Abstract
Kinetic measurements measure the rates of reactions. The information obtained is useful for fundamental understanding of chemical mechanism and for a variety of applications. The overall rate law for a reaction and the definition of associated rate constants must be consistent with the stoichiometric chemical equation for the reaction, but cannot be predicted from the stoichiometric equation alone. A detailed reaction scheme (or an even more descriptive reaction mechanism), which specifies any intermediates that occur in the reaction and describes exactly which atoms or molecules react in each elementary step, is needed to predict a rate law. The goal of kinetic measurements is to verify the functional form of the rate law and determine any constants in the rate law.

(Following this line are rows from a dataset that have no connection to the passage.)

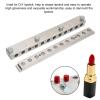 12.1mm DIY Li Type, Aluminum Lip Balm Mould, 12 Holes r Homemade Cosmetics, to Demould with Glossiness view 4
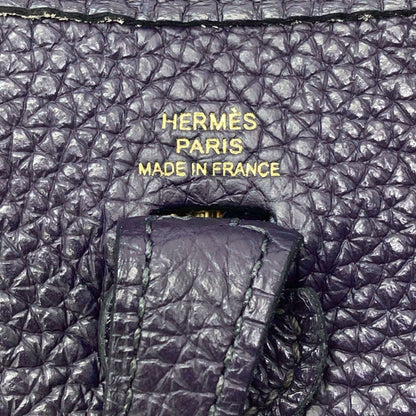 Hermes Evelyne TPM Gold Shoulder Bag Taurillon — view 6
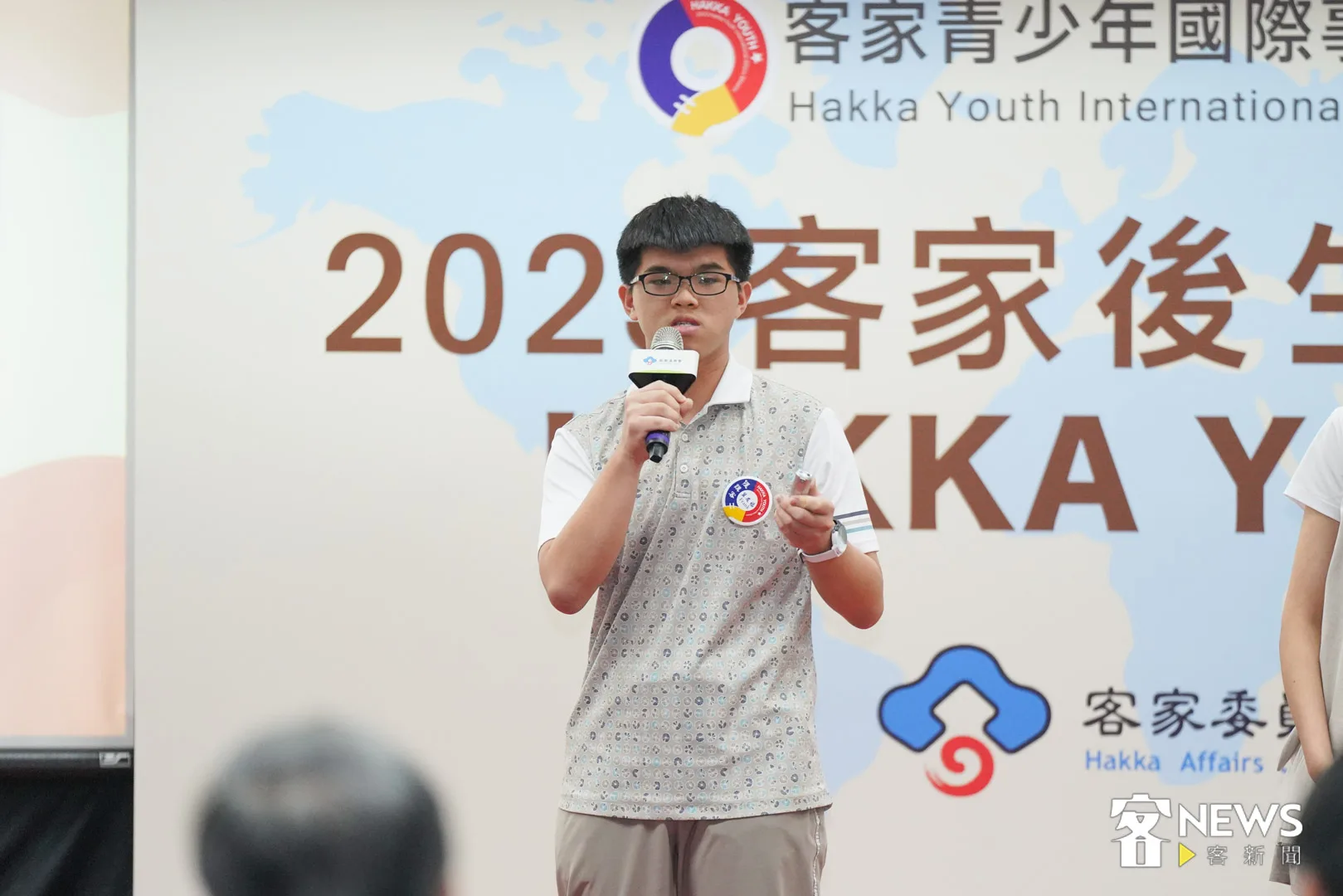 客家青訪團入選團員翼友福。范修語攝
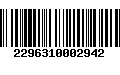 Código de Barras 2296310002942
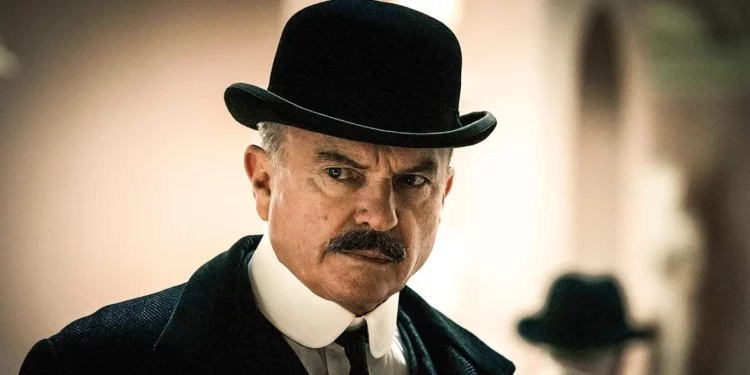 Actor Sam Neill in the Famous series Peaky Blinders Actor Sam Neill in the Famous series Peaky Blinders
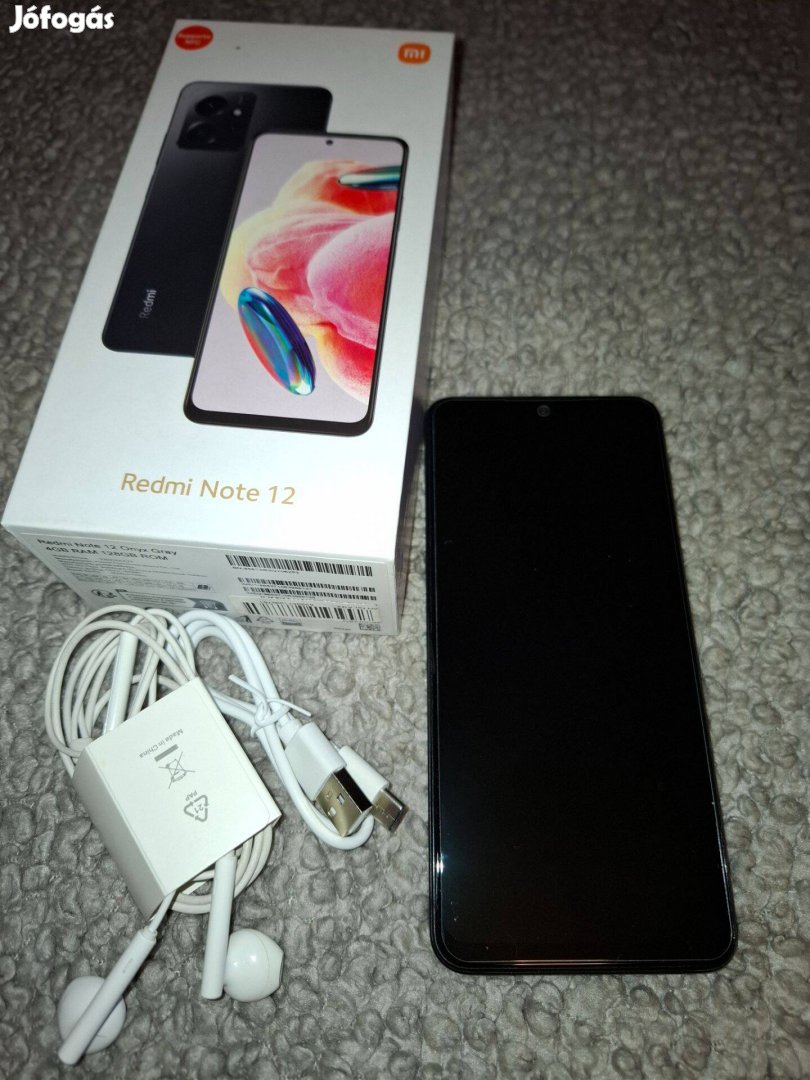 Xiaomi Redmi Note 12 - 4GB/128GB - Onyx Gray - garis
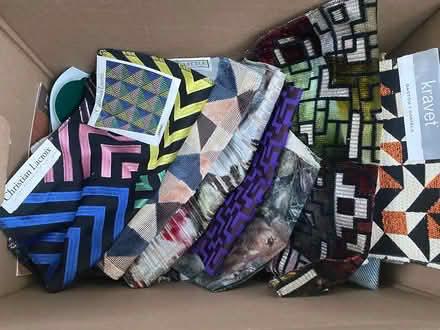 Photo of free Box full of fabric samples (Oakland) #3
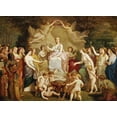 thumbnail image 2 of Picou, Henri Pierre 24x19 White Modern Wood Framed Museum Art Print Titled - An Allegory of Spring, 2 of 4
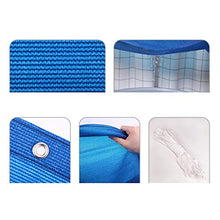 Shading Panno Blu Anti-Ultravioletta Solare Net 6 Pin Crittografia Ispessimento for Piscina, Balcone, terrazza, Ombra Coperto (Size : 1.9m×2m)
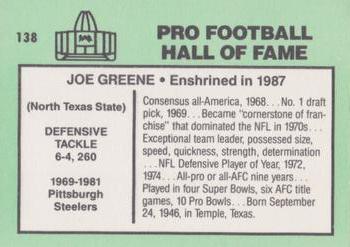 1985-88 Football Immortals #138 Joe Greene Back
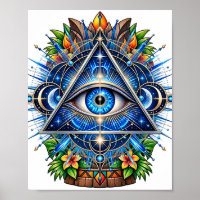 Póster de Ojo de Órbita de Cobalto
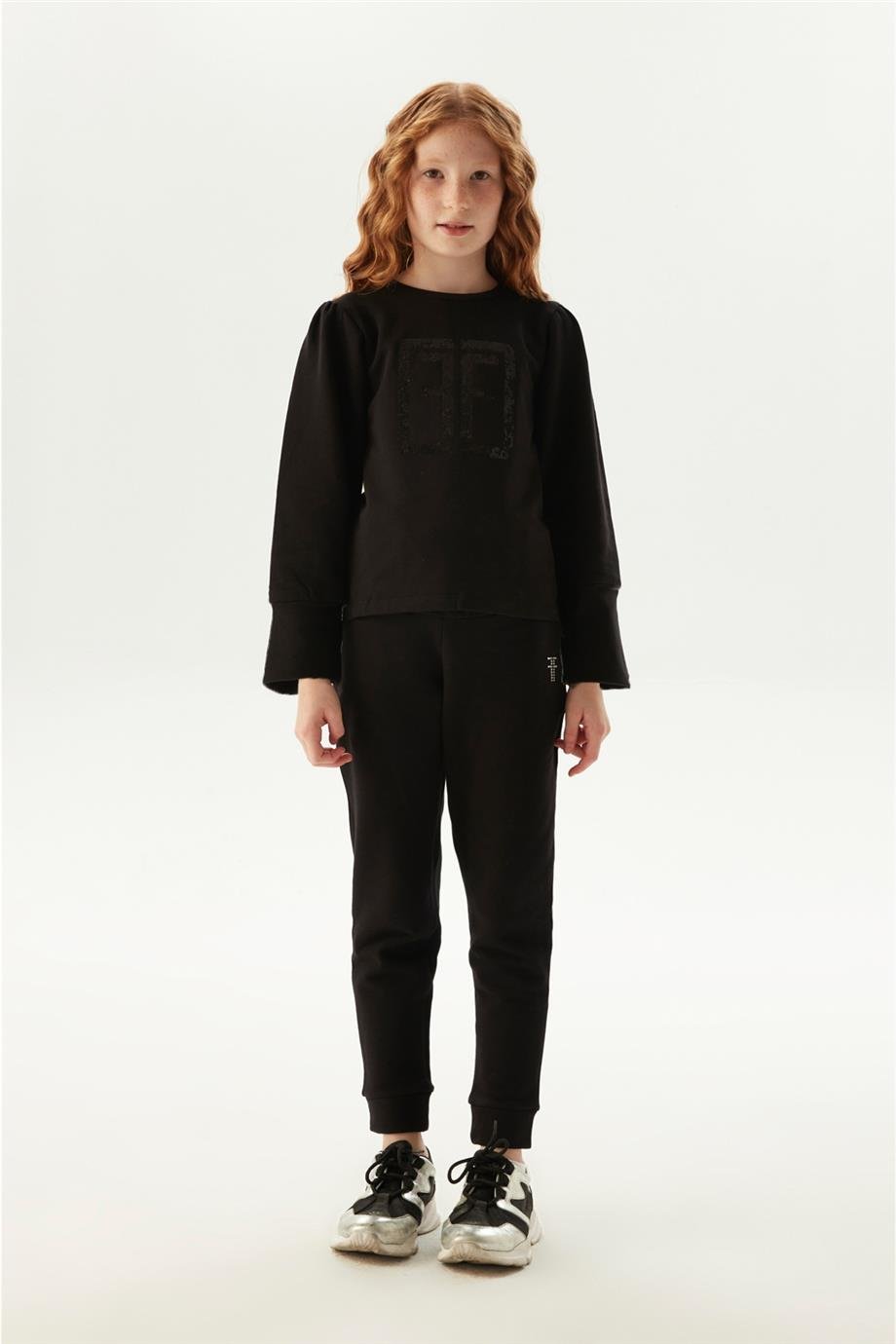 Fracomina Kız Çocuk Siyah Sweatshirt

The constants are quantities that do not vary when concentrations of reactants change; but they do vary with temperature, solvent, and other reaction conditions. Kinetic measurements involve preparing reactants at concentrations different from equilibrium values and then monitoring concentrations as they approach equilibrium. Simple manual mixing may suffice. More rapid reactions may be studied by flow-mixing reactants in a moving stream or by injecting and mixing rapidly in a stopped-flow device. Even faster reactions require perturbation techniques that start with a homogeneous mixture and perturb conditions away from equilibrium. This can be accomplished by changing external thermodynamic conditions such as temperature or pressure. Altematively, a reagent precursor may be switched suddenly to an active form by a flash of light (flash photolysis) or a pulse of electrons (pulse radiolysis). A host of reaction schemes are possible, but the Michaelis-Menten scheme applicable to much enzyme catalysis receives special attention. The temperature dependence of rate constants is discussed in terms of an activation energy, and the dependence on pressure is characterized by an activation volume. Brief mention is made of recent progress in reaction dynamic studies, which provide in a few cases both experimental and theoretical treatments at the full quantum mechanical level.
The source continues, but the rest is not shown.